In this time of the Trump administration, you can expect to return to the days when environmental protections barely existed. Lakes were so polluted with chemicals—some of them carcinogens—that fishing and swimming endangered people’s health. Consider the infamous case of the Cuyahoga River that runs through Cleveland, Ohio. Throughout the 1950s and the 1960s, it was polluted with discharges from meat packers, oil refineries, steel plants, paint companies, and tar distilleries. The river was not only foul smelling but also highly flammable. One spectacular blaze occurred in 1969 and burned for several miles through an industrial section of Cleveland.
In 1969, an oil rig off the Santa Barbara coast exploded and sent 3 million gallons of oil into the ocean and onto the seashore. Dead birds, sea otters, seals, and dolphins coated with oil washed ashore. It was the nation’s worst oil spill the nation had ever experienced—until decades later the Exxon Valdez crashed off the coast of Alaska and spilled 11 million gallons of crude oil, killing hundreds of thousands of seabirds, otters, seals and whales along with plants along the shoreline.
Finally, grassroots groups and environmental organizations petitioned local, state and federal governments to do something about water, air, and ground pollution. The Environmental Protection Agency was established in 1970 to protect the nation from environmental hazards. Congress passed The Clean Air Act in 1970 and in 1977 the Clean Water Act became law.
Yet another environmental catastrophe in 2010 happened in the Gulf of Mexico where the oil rig platform Deepwater Horizon caught fire and exploded, killing at least eleven workers and injuring many others. Nevertheless, the current Trump administration has been reducing safety regulations for offshore oil and gas rigs and making plans to continue drilling off U.S. coastal waters.

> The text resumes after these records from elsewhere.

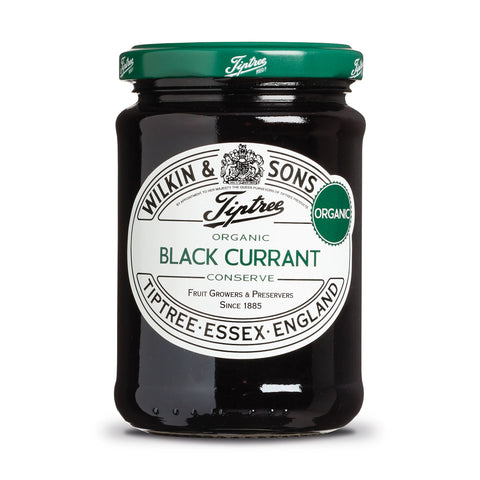 Organic Blackcurrant Conserve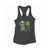 The Grinch And Jack Skellington Women Racerback Tank Top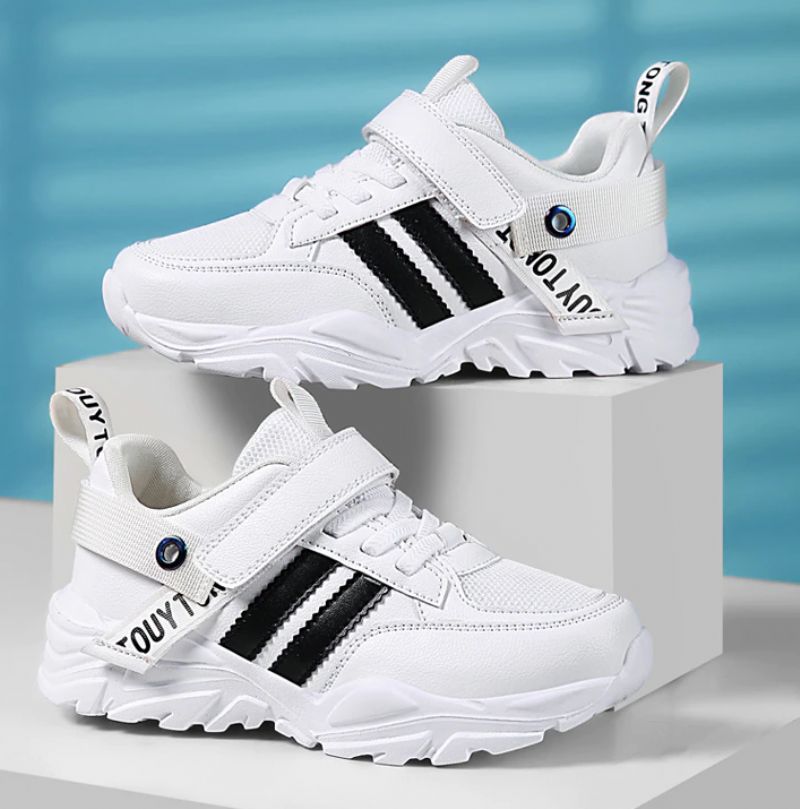 Florez Unisex Casual Sneakers Voor Kinderen - Roze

In addition, Andrew Wheeler, Trump’s choice to lead the current EPA, has offered little or no commitment to protect clean air regulations. (Wheeler took over after the former EPA head Scott Pruitt resigned amid scandals.) Wheeler is a former lobbyist for coal industries and biodiesel producers. He spent years working against environmental regulations for fossil-fuel industries, so do you think he will diligently oversee those companies? Wheeler, in fact, plans to downplay climate-change efforts such as the clean car standards—requirements that auto makers improve fuel efficiency. Fuel efficient cars not only lower costs of gas, but also help reduce air pollution.
The Trump administration has been busily reducing regulations for environmental protection, allowing the nation and Earth itself to become increasingly polluted. To protect his industry supporters rather than the environment, Trump in 2017 repealed legislation that prevented coal mining companies in Appalachia from dumping their waste materials into waterways. The waste contains heavy metals that can have a damaging effect on the health of people in many Appalachian towns.
Energy companies in numerous states produce electricity by burning coal and with Trump rolling back regulations, the electric companies are allowed to dump coal ash in unlined pits near the power plants. The ash contains lead and arsenic that can leach into aquifers and rivers that are drinking water sources. So do you think there will be more Flints in the USA? Flint, Michigan, which got its drinking water from the contaminated Flint River, struggled with toxic chemicals, including deadly lead, in their drinking water from April 2014 to April of 2018. No amount of lead in drinking water is safe, but don’t count on the Trump administration to press the EPA to more closely monitor for lead in drinking water.
There is little doubt that Trump is undoing environmental regulations wherever and whenever he can. Why? One reason is the fact that he blames Obama for the regulations and he hates anything and everything that the 44th president has done. The second reason you already know. Pleasing industrial giants is more important to Trump than caring for our water, air, and land.